(Beginning of DATASET CONTENT)
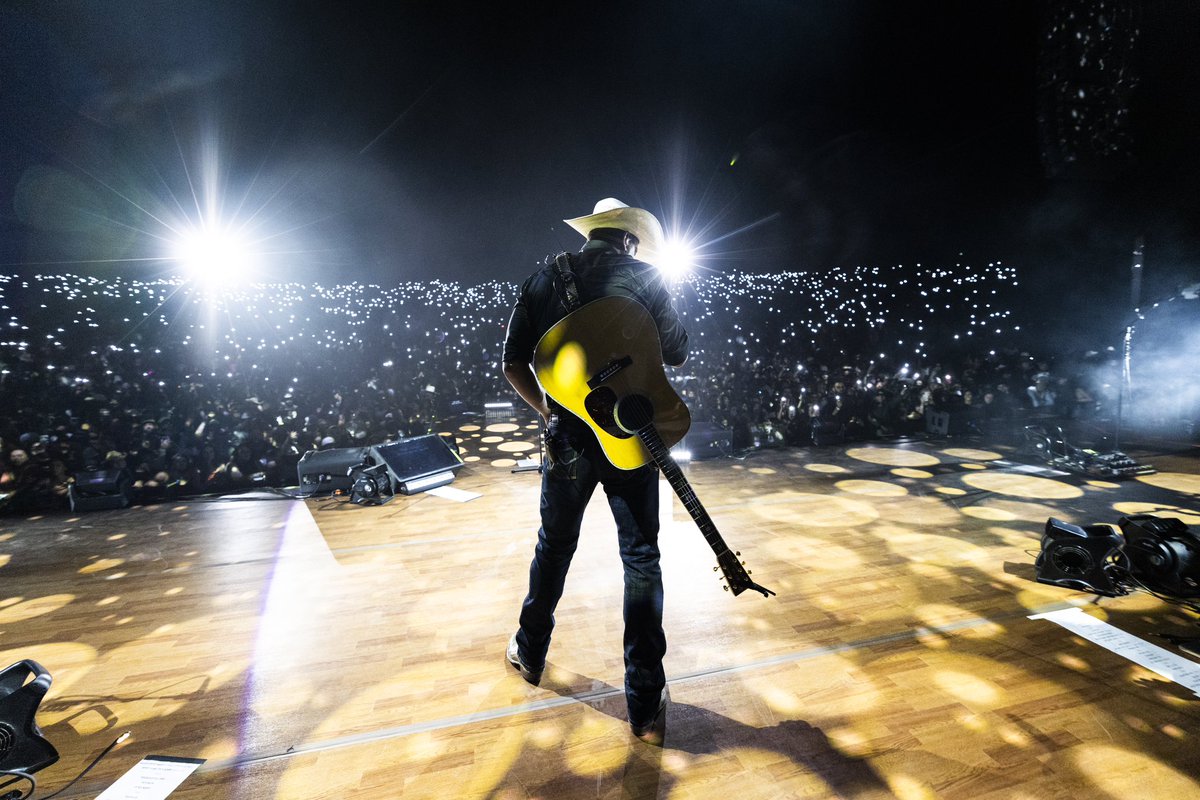 Jon Pardi (@jonpardi) on Twitter photo Good to be back in California thanks for an awesome night Wheatland. Letโs have some fun tonight Chula Vista!
๐ธ: <a href="/EvanDeStefano/">Evan De Stefano</a> Good to be back in California thanks for an awesome night Wheatland. Letโs have some fun tonight Chula Vista!
๐ธ: <a href="/EvanDeStefano/">Evan De Stefano</a>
(End of DATASET CONTENT)
◆ WHAT THIS TASK INVOLVES: Go through the material above, find each line with the string "EvanDeStefano", and copy it.

◆ EXERCISE RESULT:
๐ธ: <a href="/EvanDeStefano/">Evan De Stefano</a> Good to be back in California thanks for an awesome night Wheatland. Letโs have some fun tonight Chula Vista!
๐ธ: <a href="/EvanDeStefano/">Evan De Stefano</a>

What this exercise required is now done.